Speech Generation and Sound Understanding in the Era of Large Language Models
Abstract: LLMs have not only revolutionized text-based natural language processing, but their multimodal extensions have proven to be extremely powerful models for vision, speech, and natural sounds. By tokenizing input from disparate modalities and mapping them into the same input/output space as text, these models are capable of learning not only how to reason over multimodal inputs, but also generate new speech, audio, and visual outputs guided by text instructions - multiplying the number of capabilities these models have. In my talk, I will discuss several recent works in this direction from my lab at UT Austin.
The first part of my talk will describe our work on VoiceCraft, a neural codec language model capable of performing voice cloning text-to-speech synthesis, as well as targeted edits of speech recordings where words can be arbitrarily inserted, deleted, or substituted in the waveform itself. I will discuss our recent work on text-controllable TTS models that can not only manipulate basic attributes of the speech signal such as pitch and speaking rate, but also more abstract and higher-level vocal styles such as "husky", "nasal", "sleepy", and so forth.
In the second part of my talk, I will discuss our work on spatial sound understanding. I will introduce SpatialSoundQA, a dataset containing 800,000 ambisonic waveforms and accompanying question-answer pairs, which can be used to train and evaluate models on their ability to answer questions such as “Is the sound of the telephone further to the left than the sound of the barking dog?” I will also describe our BAT model, an extension of the LLaMA LLM that is capable of taking spatial audio recordings as input and reasoning about them using natural language.

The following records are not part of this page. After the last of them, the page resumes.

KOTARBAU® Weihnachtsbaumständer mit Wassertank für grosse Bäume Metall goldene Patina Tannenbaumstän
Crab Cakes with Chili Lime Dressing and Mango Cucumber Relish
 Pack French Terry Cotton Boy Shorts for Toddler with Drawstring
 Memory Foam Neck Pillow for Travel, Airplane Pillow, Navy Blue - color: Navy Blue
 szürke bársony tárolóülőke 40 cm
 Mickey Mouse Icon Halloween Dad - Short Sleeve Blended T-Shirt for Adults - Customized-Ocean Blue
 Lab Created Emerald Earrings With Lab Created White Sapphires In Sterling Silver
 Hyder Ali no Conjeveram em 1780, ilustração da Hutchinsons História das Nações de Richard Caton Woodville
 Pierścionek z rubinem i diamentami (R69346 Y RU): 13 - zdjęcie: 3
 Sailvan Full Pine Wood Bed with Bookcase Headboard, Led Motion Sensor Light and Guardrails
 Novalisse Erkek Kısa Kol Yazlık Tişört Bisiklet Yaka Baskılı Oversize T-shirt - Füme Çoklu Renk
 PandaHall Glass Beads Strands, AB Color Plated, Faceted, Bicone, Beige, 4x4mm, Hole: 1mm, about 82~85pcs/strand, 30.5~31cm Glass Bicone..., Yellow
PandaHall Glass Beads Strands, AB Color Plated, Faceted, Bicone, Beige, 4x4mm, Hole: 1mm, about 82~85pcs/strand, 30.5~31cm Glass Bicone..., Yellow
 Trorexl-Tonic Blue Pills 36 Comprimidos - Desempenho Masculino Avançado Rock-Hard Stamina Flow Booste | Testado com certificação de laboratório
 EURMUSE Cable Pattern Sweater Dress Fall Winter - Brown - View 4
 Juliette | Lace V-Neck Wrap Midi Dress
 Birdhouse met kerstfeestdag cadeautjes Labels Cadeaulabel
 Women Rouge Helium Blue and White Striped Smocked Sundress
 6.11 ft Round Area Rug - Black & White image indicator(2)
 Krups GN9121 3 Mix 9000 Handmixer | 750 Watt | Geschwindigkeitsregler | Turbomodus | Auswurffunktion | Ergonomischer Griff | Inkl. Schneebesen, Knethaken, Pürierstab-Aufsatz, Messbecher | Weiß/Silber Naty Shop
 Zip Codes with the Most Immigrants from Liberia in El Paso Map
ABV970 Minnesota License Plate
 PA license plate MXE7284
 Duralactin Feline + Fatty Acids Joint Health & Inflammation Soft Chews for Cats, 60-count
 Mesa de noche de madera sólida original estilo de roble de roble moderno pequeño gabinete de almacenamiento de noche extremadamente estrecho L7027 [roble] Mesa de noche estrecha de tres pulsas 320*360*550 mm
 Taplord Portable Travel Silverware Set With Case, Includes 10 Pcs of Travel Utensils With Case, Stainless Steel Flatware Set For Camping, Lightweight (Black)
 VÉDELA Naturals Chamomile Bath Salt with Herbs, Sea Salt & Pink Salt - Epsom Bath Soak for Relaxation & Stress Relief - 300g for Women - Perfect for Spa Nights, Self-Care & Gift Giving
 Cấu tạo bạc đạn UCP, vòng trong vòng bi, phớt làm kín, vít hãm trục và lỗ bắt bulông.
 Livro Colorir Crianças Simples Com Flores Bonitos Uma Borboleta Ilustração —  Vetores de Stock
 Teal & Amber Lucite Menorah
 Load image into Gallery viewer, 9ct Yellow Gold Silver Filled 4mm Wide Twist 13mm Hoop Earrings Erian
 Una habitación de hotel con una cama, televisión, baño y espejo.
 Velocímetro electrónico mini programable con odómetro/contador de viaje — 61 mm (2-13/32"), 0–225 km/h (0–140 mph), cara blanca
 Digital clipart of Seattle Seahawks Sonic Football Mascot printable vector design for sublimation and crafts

Bio: David Harwath's research interests are in the areas of automatic speech recognition, spoken language understanding, and multi-modal machine learning. His work aims to develop models of speech and language that are robust, flexible, and capable of learning on the fly from multiple input modalities. He holds a B.S. in Electrical Engineering from the University of Illinois at Urbana-Champaign, a S.M. in Computer Science from MIT, and a Ph.D. in Computer Science from MIT.